Two clichéd catch phrases have become associated with the release of a president’s budget.
The first is “dead on arrival.” The president’s opposition in Congress will announce that there is nothing in the big book that is relevant to anything. And because Congress holds the power of the purse, that pronouncement is more than symbolic.
The second catch phrase is “negotiating with yourself.” If the president’s budget makes any conciliatory gesture toward the opposition, the president’s party will grouse that they could get more in any subsequent agreement if the president would hold a firmer line, so that a 50-50 deal would be closer to what they want.
A related back-biting term is “triangulation”: The president wants to stand apart, play his party off against the opposition, and then get a deal somewhere in between.
Appropriately enough, we last heard of “triangulation” and “negotiating with yourself” in the Clinton years, when the result of all of the byzantine maneuvering was the first budget surpluses in 29 years — which remain, to this date, the last.
Well, there is no “negotiating with yourself” in this year’s budget. This budget follows most of the last two decades in offering no concession to the other side.
The policies are solely those of the president, which the other party will label it as “dead on arrival” — and so the federal government will struggle for yet another fiscal new year just to keep the lights on, and to avoid another shutdown.
And President Clinton’s place in budget history is safe. This administration’s goal is now to balance the budget 15 years from now (that is, in 18 total years, requiring the administrations of a minimum of two more presidents to finish the job).
Why is the budget outlook so bleak? After all, this year’s budget does claim a path toward balance, even if in the very long term. But there are several signs of trouble in the details.
One issue is the budget’s economic assumptions. Because of the aging of the population, the growth of the labor force is slowing dramatically — from about 2 percent in the 1960s to the 1980s, to less than 0.5 percent in the next 10 to 20 years.
That slower workforce growth comes right off of the top of our economic growth rate — unless productivity growth jumps to make it up.
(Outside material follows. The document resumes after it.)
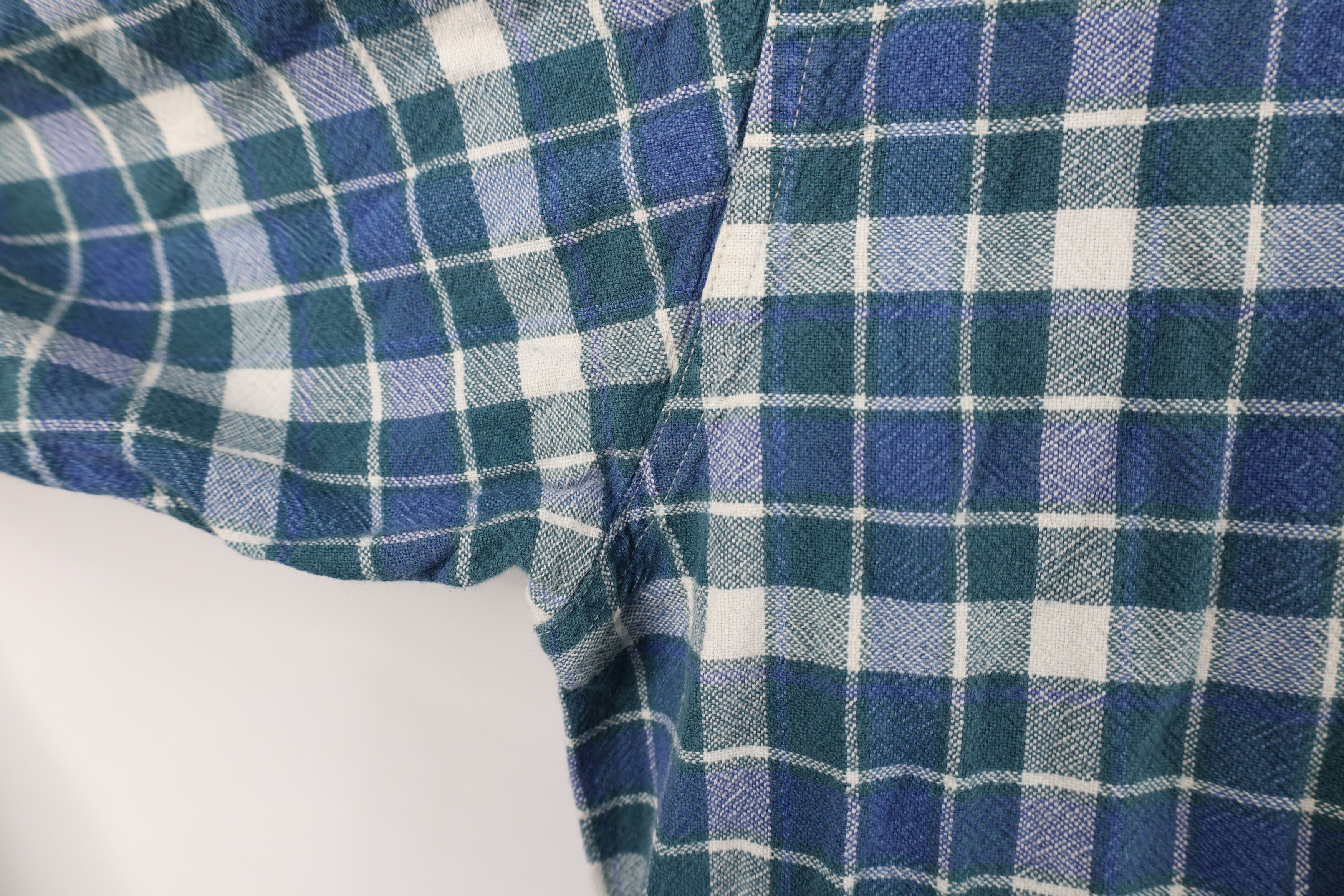 Eddie Bauer Vintage 90s Eddie Bauer Weave Button Down Shirt Plaid USA Size US L / EU 52-54 / 3 - 6 Thumbnail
I pray that it does. I fear that it won’t.
By assuming growth almost a full percentage point higher than other forecasters, and adopting tax cuts and spending programs based on that assumption, the budget leaves us wide open to trouble.
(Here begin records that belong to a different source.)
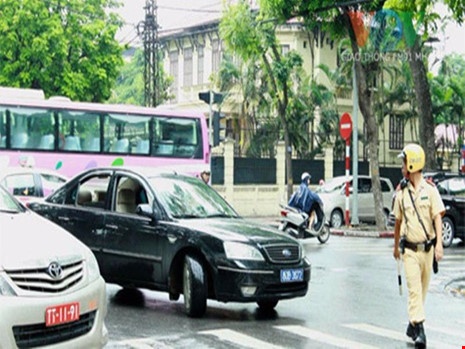 'Khong the de xe bien xanh uu tien hon bien trang' hinh anh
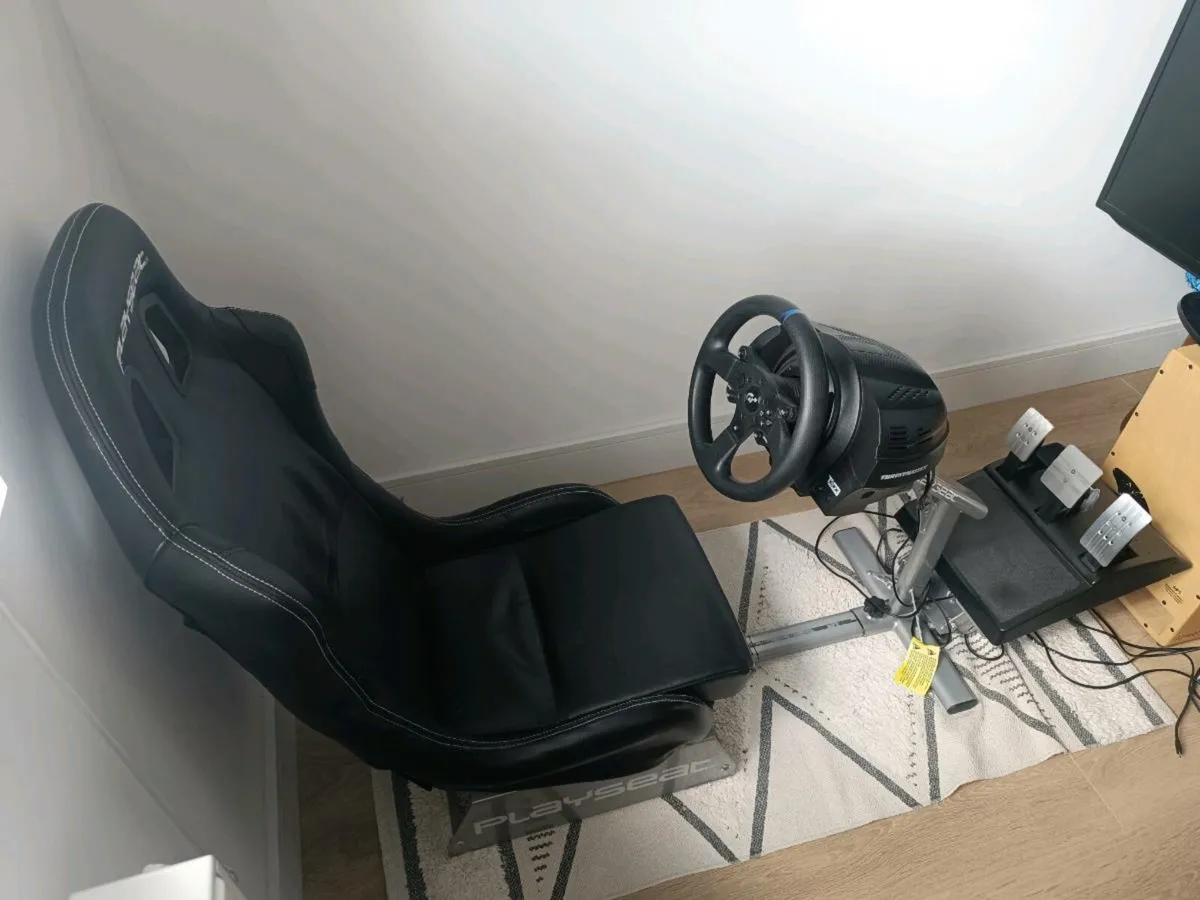 Playseat® Evolution + Thrustmaster T300RS GT Sim - Image 1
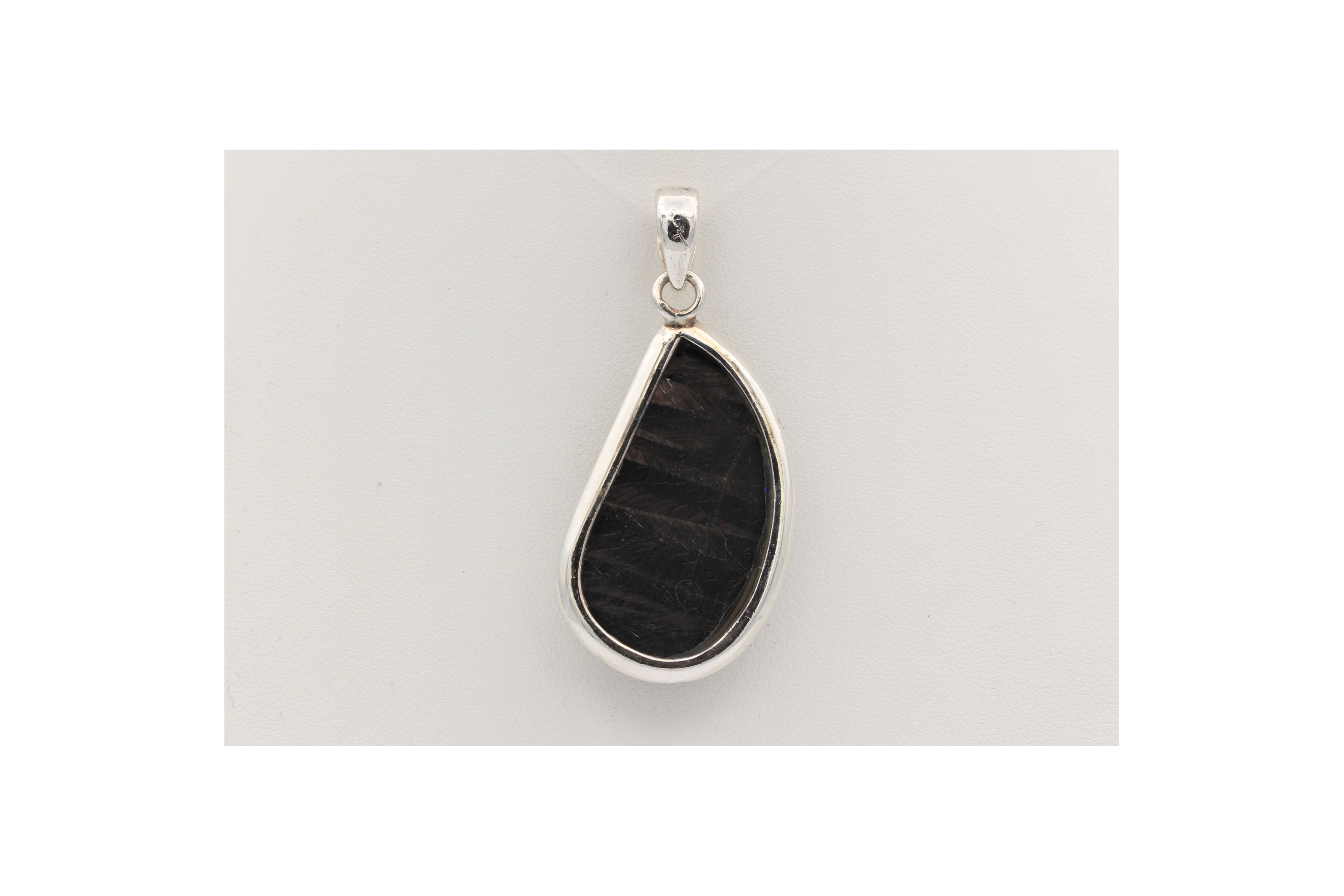 Pendentif contemporain en argent 925 et œil de taureau-The Vintage Workshop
Likewise, the budget assumes that interest rates will fall lower than do other forecasters, and will stay low — in practical terms, forever. If and when interest rates ever rise, for whatever reason, the budget will balloon.
Finally, the budget assumes unprecedented cuts in the annual appropriations for the nation’s domestic spending. The key word here is “unprecedented.”
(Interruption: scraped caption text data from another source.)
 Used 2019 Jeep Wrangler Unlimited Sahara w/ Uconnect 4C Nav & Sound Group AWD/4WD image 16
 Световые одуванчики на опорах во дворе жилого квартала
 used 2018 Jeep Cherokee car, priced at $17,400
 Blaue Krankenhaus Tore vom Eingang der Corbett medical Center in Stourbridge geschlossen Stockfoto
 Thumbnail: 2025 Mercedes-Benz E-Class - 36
Domestic spending funds our “infrastructure” — highways, airports, water, sewer; our systems of law enforcement and justice, our education and research; and many other functions. Think of that infrastructure as essential overhead for our whole society.
As the population and production get bigger, we need a roughly proportionately greater amount of asphalt and concrete, for example; and the asphalt and concrete that we already have must be repaired and renewed.
Our infrastructure spending needs to keep pace with our overall economy. This budget cuts such spending relative to the size of our economy to one-third lower than the smallest number on record in just five years, and more thereafter.
It is easy to assume future cuts in the spending in one-year appropriations bills; past budgets often have. But when we get to those future years, those impossible cuts never happen.
Before forever, we will need a real budget that is not “dead on arrival.” Even if a president does not want to negotiate with himself, he will have to recognize the need to negotiate with the other side.
We are heading into a wall, and we are running out of time; we need to start over, and soon.